So what's the point here? This isn't who she is. It's just as bad as people photo shopping plus sized women smaller when they want to be able to be confident exactly how they are. It's not your business how they look whether you consider it "unrealistic" or not.
I don't know about anyone else but the fact that there are so many articles and videos these days (etc. upon etc. ) about imagining Disney Princesses in new and "inventive" ways and thinking of them in a modern mindset, policing their appearances to adhere to our own, it's all more than a little disconcerting.
Taking a quiz to find out which official Disney Princess you are is one thing, but a photo series of hot dogs decorated to look like classic Disney Princess is a whole other. Don't get me wrong I love the classic Disney Princesses. They've got a special place in my heart even. It was an entirely different time; most of the classic films made in the 50s. The singing was beautiful, the animation was flawless and gorgeous. What am I saying? Both of those things are still true for timeless films like "Cinderella", "Snow White", "Sleeping Beauty" and even more.
Even though the classic films and the last ones to use 2D drawings "The Little Mermaid", and "Beauty and the Beast", and "The Princess and The Frog" are not only made in different decades but set place in completely different time frames and settings from ours in this day and age our generation constantly feels the need to criticize them. Accusing classic Disney Princesses of being mousy figures who did nothing for themselves and played into misogyny and policing their appearances for what actual reason?
"They're bad role models for little girls and that's just wrong" praise comes for them simultaneously with criticism. Nevermind the fact that most of them lived in a time of corsets (so no they don't look stick thin or unrealistic), the fact that actual real life girls grow up naturally slender and that's not imaginary, or that they were Disney characters and they were made realistically to go with their stories, settings, and time frame; but if they had wanted to make them look like aliens they very well could have.

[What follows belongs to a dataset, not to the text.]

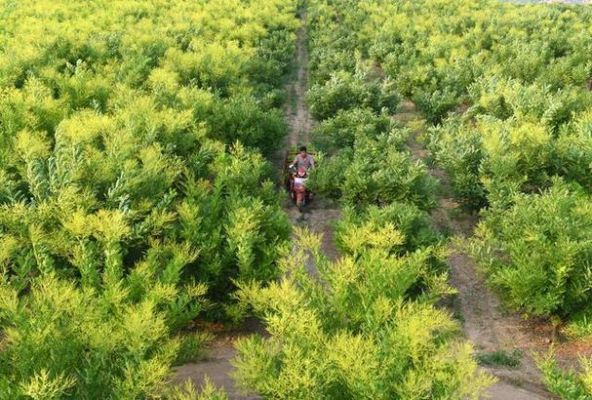 双季槐米价格（双季槐米发展前景）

I stand by the observation I had a year or so ago that there is a clear reason why people our age are so obsessed with building up Disney Princesses and breaking them right back down. Even though none of them are from our time frame we feel the need to act as if they should adhere to the same rules, customs, ideals, and trends because we only recognize them as from our childhood not stories made decades before the lives that our generation has now as young adults. Whether it's college students or young adults who are beyond that still we blame whatever is good from our childhood to make ourselves feel better about whatever is unsatisfactory in the present day.
I'm here to say that that isn't fair at all to the source material. It's obvious why they're slender and why most of the classic ones are white. It's also clearly unfair to label all of the films anit-feminist because a "damsel-in-distress" element is sensed. What exactly is wrong with telling stories? We can't all be Mulan. You're not always going to have the opportunity to perform a great feat in spite of patriarchal adversity. So Snow White isn't a good role model because she was awakened by her true love? Even though she always saw the good in others and it wasn't her fault she fell into a coma from a poison apple? So is there something inherently wrong with finding the one you want to be with most? Obviously it wouldn't have happened in that era -in the story or the time frame- but if it'd been a girl who had awakened Snow White or Princess Aurora then it would be the same scenario. Why must true love's kiss lose its magic because of the gender?
My point is that the cries of classic Disney Princesses being bad role models is insincere and unwarranted as are other popular criticisms. These are classic films that don't deserve your treatment and maybe those of our generation -excluding myself- who feel the need to tell Disney what stories to tell and be the judge and jury of fairy tales should focus on their own actual real life. Just be happy and leave the princesses alone.